**Exercise directions:**
In the data below, find the line containing "Close-up photograph of"; transcribe it and each line after it exactly, through the last, skipping pictures.

**Data extract:**

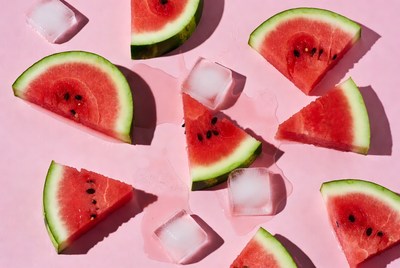 Fresh watermelon and ice on pink background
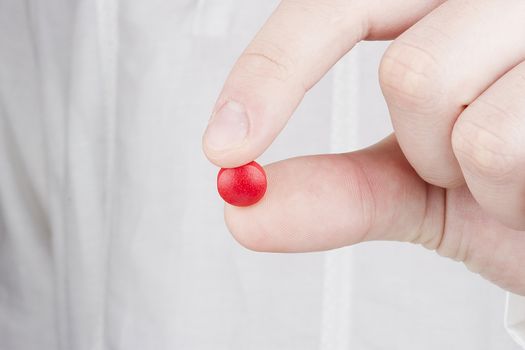 Close-up photograph of a hand holding a red tablet.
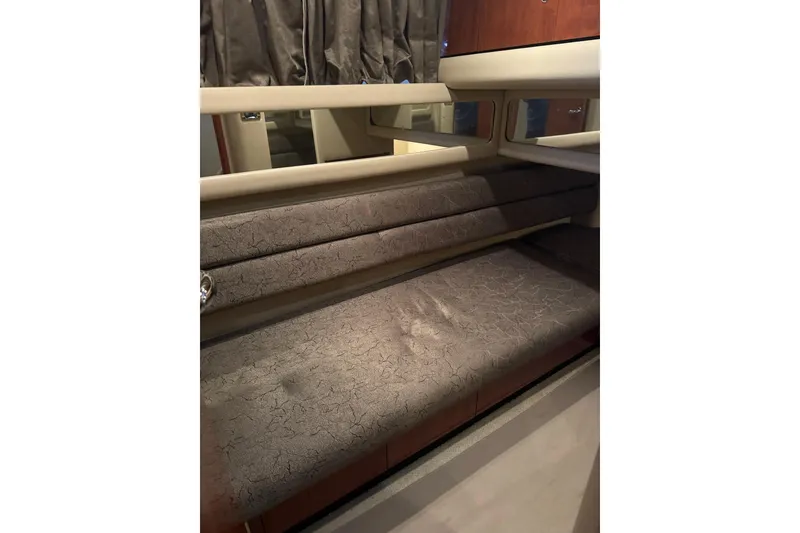 Slide: The Image of Interior seating of 2003 Sea Ray 480 Sedan Bridge yacht with cushioned bench. - 24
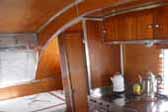 Beautiful wood paneling and cabinetry with stainless steel trim, in an Aero Flite vintage trailer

**Answer to the exercise:**
 Close-up photograph of a hand holding a red tablet.
 Slide: The Image of Interior seating of 2003 Sea Ray 480 Sedan Bridge yacht with cushioned bench. - 24
 Beautiful wood paneling and cabinetry with stainless steel trim, in an Aero Flite vintage trailer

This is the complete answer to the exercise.